Explain the IT-related Business Risk: - Program/Project risk?
Program - project risk
The risk of IT projects failing to meet objectives through lack of accountability and commitment.
Explain the IT-related Business Risk: - Relevance risk.?
Relevance risk.
The risk that the right information may not get to the right recipients at the right time to allow the right action to be taken or the right decisions to be made.
Explain the IT-related Business Risk: - Schedule risk.?
Schedule risk.
The risk of IT projects taking longer than expected.
Explain the IT-related Business Risk: - Talent risk.?
Talent risk.
The failure to source and the inability to retain the qualified talent needed to achieve the enterprise’s strategy.
IT risk is only one component of the overall risk universe of an enterprise, which also includes risk associated with: ….. (name 5 points)
In addition, the risk practitioner should be aware that IT risk is only one component of the overall risk universe of an enterprise, which also includes risk associated with:
- credit,
- regulatory compliance,
- environmental
- and labor considerations,
plus other factors substantially independent of IT.
Senior management support is vitally important throughout the risk-management process.
With it, the risk-management process is much more likely to have what? (4 points)
Senior management support is vitally important throughout the risk-management process. With it, the risk-management process is much more likely to have the:
- budget,
- authority,
- access to personnel and information,
- and legitimacy
that will provide a successful result.
What does effective risk management depends on?
Effective risk management depends on knowing the enterprise’s goals and objectives.
What is the best way to understand the goals and objectives of the enterprise?
The best way to understand the goals and objectives of the enterprise is to maintain an active dialogue and regular communication with senior management.

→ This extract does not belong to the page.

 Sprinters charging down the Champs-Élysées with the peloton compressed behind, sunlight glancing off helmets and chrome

Risk considers both the potential gains and possible losses of pursuing new ventures, which may include:
Name 4 points.
Risk considers both the potential gains and possible losses of pursuing new ventures, which may include:
- financial loss,
- reputational damage,
- changes in employment agreements
- and entry into new markets which introduce new regulatory environments.

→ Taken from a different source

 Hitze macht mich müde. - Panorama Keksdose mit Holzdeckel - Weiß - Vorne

What should the risk practitioner seek to avoid being seen as obstructionist? (7 points)
To avoid being seen as obstructionist, the risk practitioner should seek to:
- Understand the business in its proper context
- Listen to and understand the defined strategy
- Proactively seek out ways to secure appropriate technologies and business processes
- Build relationships that promote communication, allowing risk management functions to be incorporated into business processes and new projects.
- Be aware of changes to ensure the ability to respond accordingly
- Work to create a culture that encourages open and informed discussions of risk
- Advise on the various aspects of risk, but do not make decisions on behalf of the business.
What is the RACI Model?
The use of a RACI model can assist in outlining the roles and responsibilities of the various stakeholders. The purpose of a RACI model is to clearly show the relationships between the various stakeholders, the interaction between the stakeholders and the roles that each stakeholder plays in the successful completion of the risk management effort.
What does RACI mean?
There are four main types of roles that are involved in the risk management process:
- Responsible
- Accountable
- Consulted
- Informed
RACI Model: Explain R
Responsible.
These individuals, often the risk practitioner, are responsible for carrying out risk management efforts. Management can be responsible if risk includes the decisions made by the enterprise.
RACI Model: Explain A
Accountable.
These individuals, often senior management, are accountable for ensuring that risk management efforts are properly staffed, budgeted and are being carried out as planned.
RACI Model: Explain C
Consulted.
These individuals, often business process owners or executive leadership, provide required support and assistance in ensuring that risk management efforts are able to be carried out, in accordance with the direction of senior management.